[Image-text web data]
◆ ◆ ◆ ◆ ◆ ◆ ◆

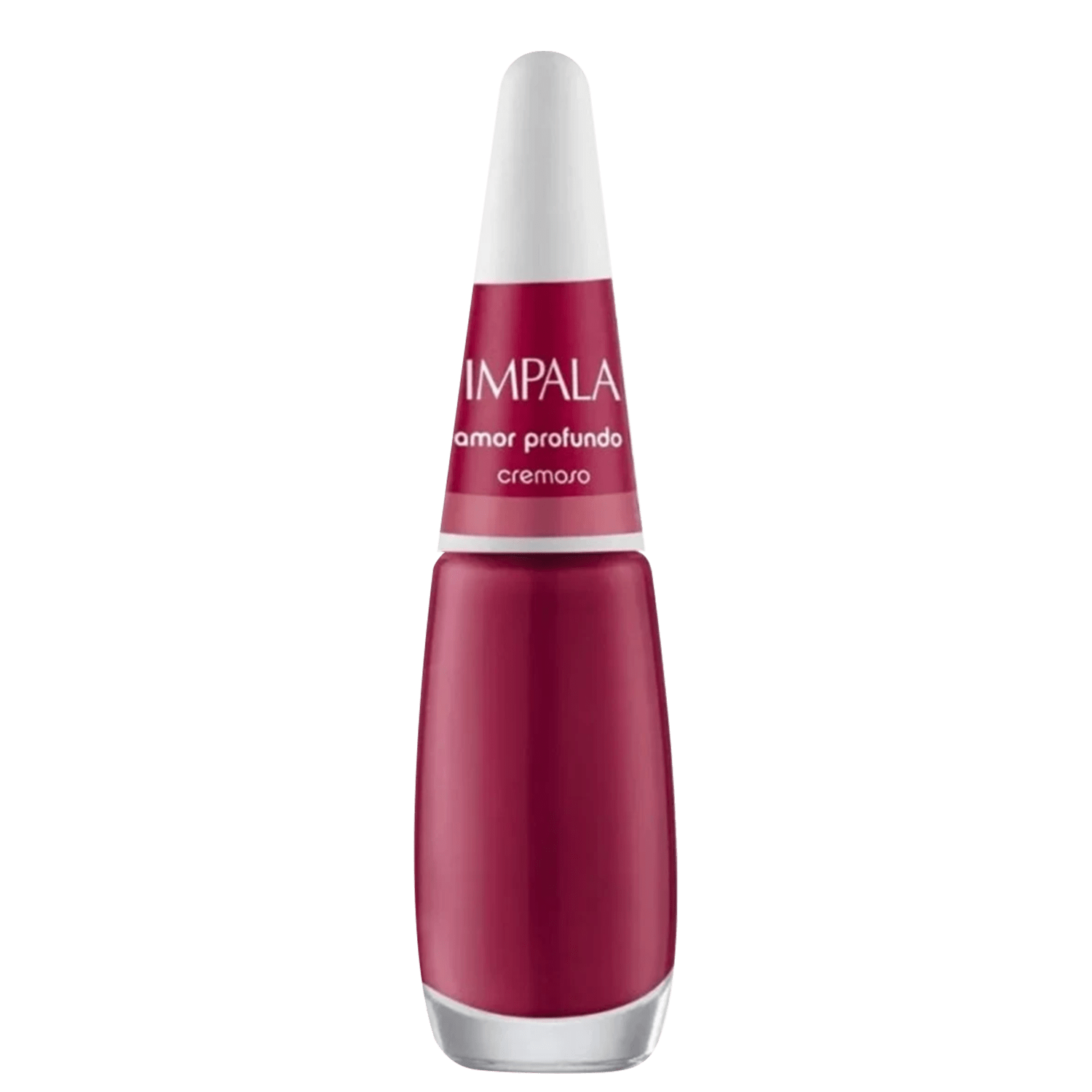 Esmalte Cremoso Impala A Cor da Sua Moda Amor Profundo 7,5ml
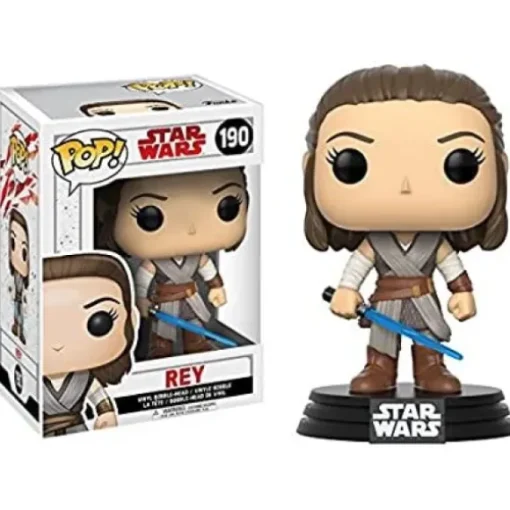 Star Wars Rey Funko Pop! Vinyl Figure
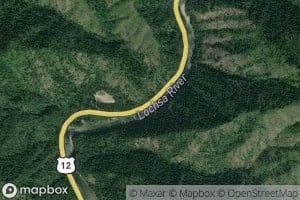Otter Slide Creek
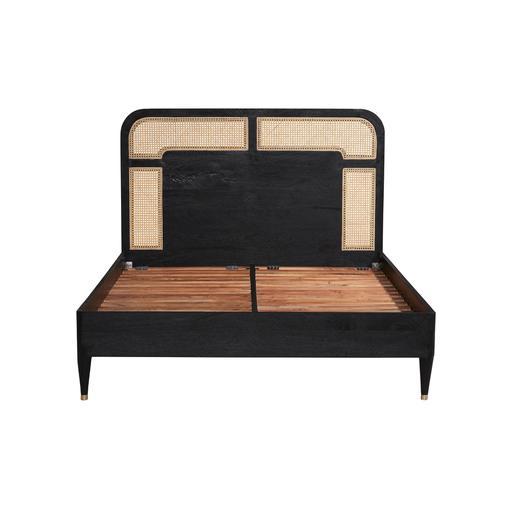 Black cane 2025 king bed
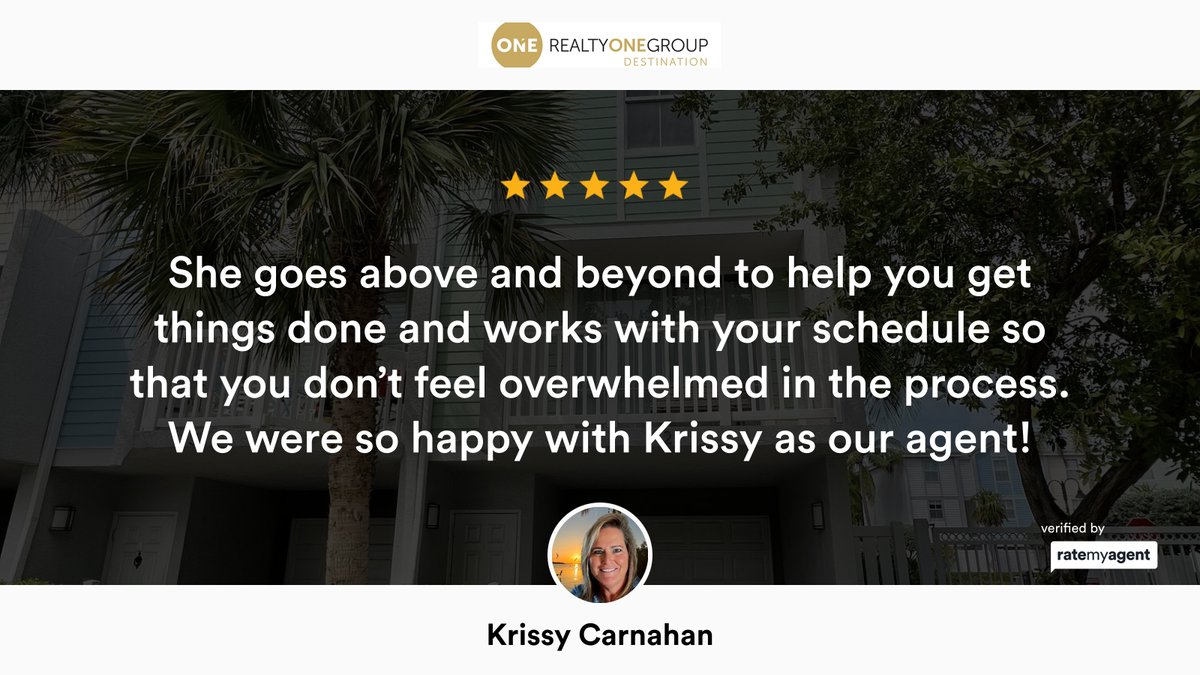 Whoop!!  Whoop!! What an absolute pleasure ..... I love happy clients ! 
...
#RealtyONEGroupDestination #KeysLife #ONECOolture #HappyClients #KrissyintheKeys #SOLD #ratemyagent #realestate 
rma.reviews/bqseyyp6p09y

◆ ◆ ◆ ◆ ◆ ◆ ◆

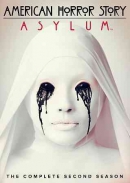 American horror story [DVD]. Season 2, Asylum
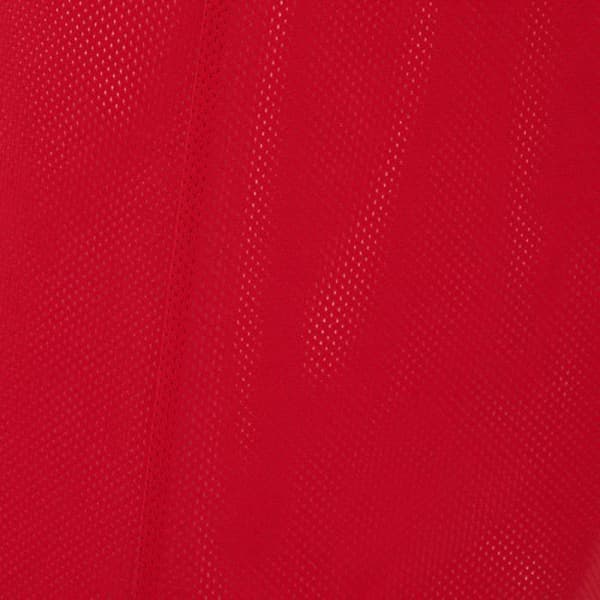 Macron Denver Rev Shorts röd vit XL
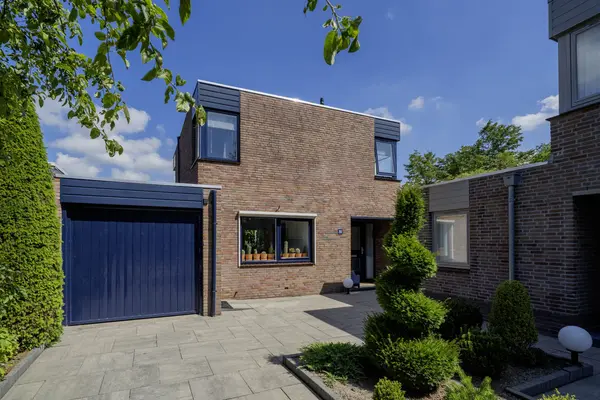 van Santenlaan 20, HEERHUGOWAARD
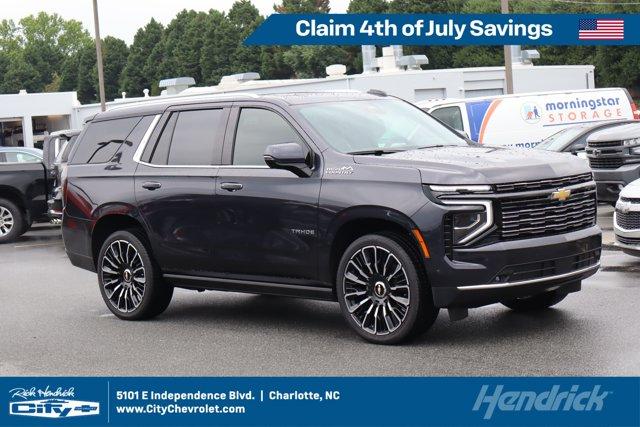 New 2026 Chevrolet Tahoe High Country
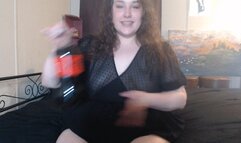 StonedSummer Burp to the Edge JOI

◆ ◆ ◆ ◆ ◆ ◆ ◆

**What you need to do**:
Starting at the line containing "American horror story" and finishing at the line containing "StonedSummer Burp to the Edge JOI", return those lines exactly as they appear above, without the pictures.

**Answer space**:
 American horror story [DVD]. Season 2, Asylum
 Macron Denver Rev Shorts röd vit XL
 van Santenlaan 20, HEERHUGOWAARD
 New 2026 Chevrolet Tahoe High Country
 StonedSummer Burp to the Edge JOI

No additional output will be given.